In principle your approach should (sort of) work provided the lights are correctly set to white light only. You can verify whether the color balance is (sort of) correct by using a digital camera or a phone with a manual settings mode, set the camera/phone to 2700K custom white balance and photograph the scene. The color should render (sort of) correctly.
I write 'sort of' because white LED is kind of tricky in terms of its color spectrum, and white balance generally relies on a fairly simplistic ratio of blue vs. red light, without particular regard to the continuity of the spectrum. It so happens that white LEDs are typically blue emitters with a phosphor-coated layer/dome on top which converts blue to the rest of the spectrum. The mix of these phosphors determines the continuity of the spectrum and hence the quality of the light. With cheapish emitters like probably used in your lights, this will not be a very ideal spectrum, or very similar to actual tungsten light, so you can expect some metamerism problems. However, by and large, the rendering should be mostly correct for most subjects and certainly not as extremely off the mark as shown here for the subject matter you've shown.
I had presumed they would be yellow/green typical of daylight film shot under tungsten light.
Shooting something like Portra under tungsten light will give red-orange results, tending towards yellow. Not green. Green you get when shooting under fluorescent lighting, including CFL's. Those have fast gone our of fashion of course. Here's an example of what you can expect if you shoot daylight-balanced film under warm white LED light and color balance the negatives in digital space to daylight (right frame; left frame shot under daylight shown for reference):
Note that the cast tends towards red, predominantly.
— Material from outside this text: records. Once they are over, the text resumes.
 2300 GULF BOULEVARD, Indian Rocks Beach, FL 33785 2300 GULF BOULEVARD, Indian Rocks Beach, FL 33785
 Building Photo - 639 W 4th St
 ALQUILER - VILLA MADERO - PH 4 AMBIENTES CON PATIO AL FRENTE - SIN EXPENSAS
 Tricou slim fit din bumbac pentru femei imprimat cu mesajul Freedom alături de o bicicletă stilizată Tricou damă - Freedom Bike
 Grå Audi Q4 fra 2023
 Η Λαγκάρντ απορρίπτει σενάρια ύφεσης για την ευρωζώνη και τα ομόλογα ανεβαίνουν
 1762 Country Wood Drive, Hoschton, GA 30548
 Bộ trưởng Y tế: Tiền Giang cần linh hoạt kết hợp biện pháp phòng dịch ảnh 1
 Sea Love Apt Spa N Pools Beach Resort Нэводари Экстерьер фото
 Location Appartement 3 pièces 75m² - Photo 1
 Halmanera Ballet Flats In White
This is in line with what I point out above w.r.t. white balance boiling down (very simplistically put) to a red/blue balance. For reference, this is the same frames with only a (severe and haphazard) correction to the blue channel:
Note how the background starts to balance out reasonably well; the lighting in the foreground is at an even lower color temperature and there are strong reflections of ocher curtains being projected back into the room, so the foreground would require even more adjustment. Still, you probably get the point that it's mostly a blue/red thing.
Are the lighting gels unnecessary?
What filter did you actually use?
Whether you need the filter depends a bit on how strict you are; if you're going to do the color balancing in digital space, you can get pretty decent results without the gels. Even if you were to print the color negs optically in the darkroom, you generally get a reasonably decent result if you adjust the filter settings appropriately.